§ **Exercise data**
- - -

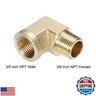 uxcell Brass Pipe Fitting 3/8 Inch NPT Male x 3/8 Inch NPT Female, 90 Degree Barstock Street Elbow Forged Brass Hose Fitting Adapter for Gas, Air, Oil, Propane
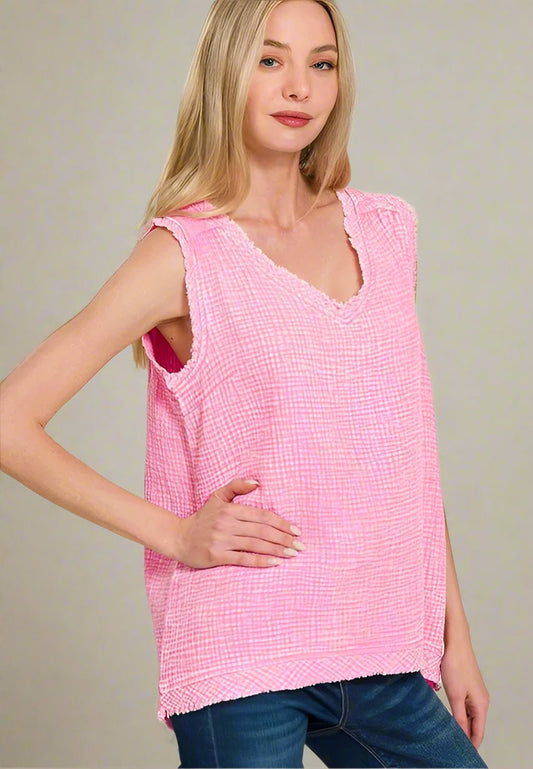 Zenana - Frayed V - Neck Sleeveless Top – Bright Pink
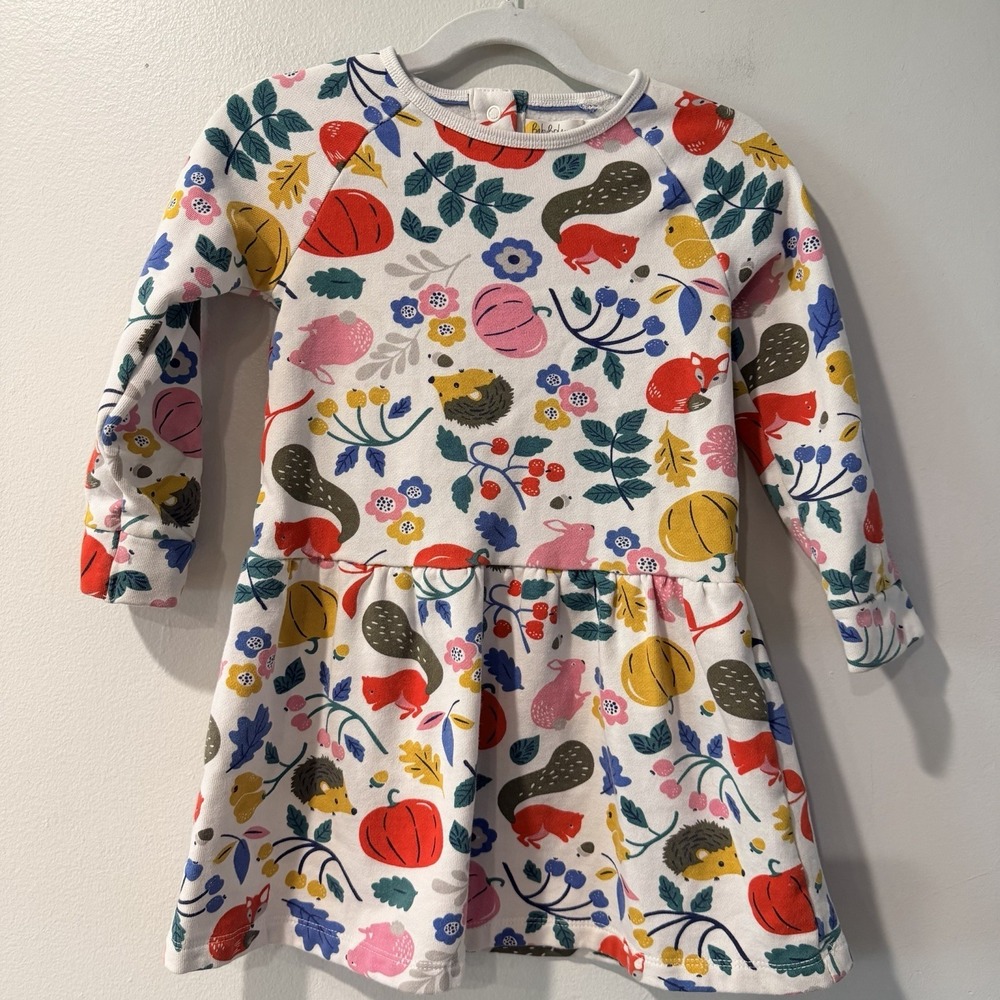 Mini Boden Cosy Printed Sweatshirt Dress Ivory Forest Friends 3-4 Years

- - -

Return nothing except the lines from the one containing "Zenana - Frayed" through the final line of the data, copied exactly. Leave out all pictures.

 Zenana - Frayed V - Neck Sleeveless Top – Bright Pink
 Mini Boden Cosy Printed Sweatshirt Dress Ivory Forest Friends 3-4 Years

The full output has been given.